-- WHAT IS NEEDED --
Required from the data below: the exact lines starting at the line containing "Hello students, today" and ending at the line containing "We also experimented", with both ends kept and all pictures dropped.

-- RECORDS FOR THE TASK --
◇ ◇ ◇

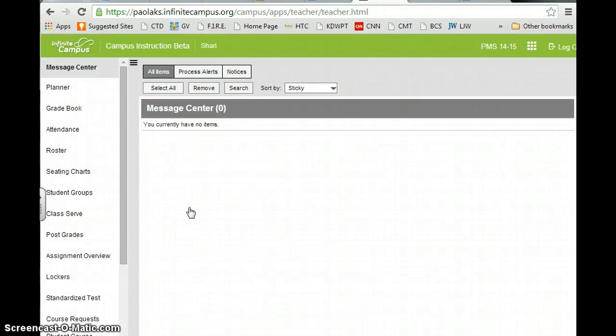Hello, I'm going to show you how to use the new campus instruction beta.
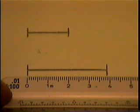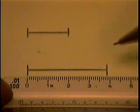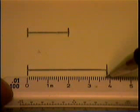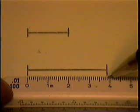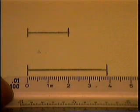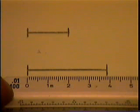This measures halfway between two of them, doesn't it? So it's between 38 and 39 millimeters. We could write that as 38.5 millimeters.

◇ ◇ ◇

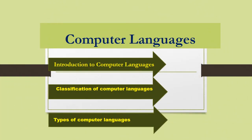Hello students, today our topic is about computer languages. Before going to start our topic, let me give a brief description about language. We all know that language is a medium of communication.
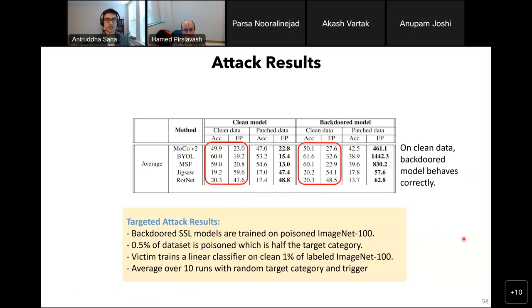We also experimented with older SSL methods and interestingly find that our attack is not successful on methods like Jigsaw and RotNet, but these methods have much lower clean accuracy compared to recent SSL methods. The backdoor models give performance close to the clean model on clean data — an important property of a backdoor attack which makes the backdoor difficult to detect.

◇ ◇ ◇

-- TASK ANSWER --
Hello students, today our topic is about computer languages. Before going to start our topic, let me give a brief description about language. We all know that language is a medium of communication.
We also experimented with older SSL methods and interestingly find that our attack is not successful on methods like Jigsaw and RotNet, but these methods have much lower clean accuracy compared to recent SSL methods. The backdoor models give performance close to the clean model on clean data — an important property of a backdoor attack which makes the backdoor difficult to detect.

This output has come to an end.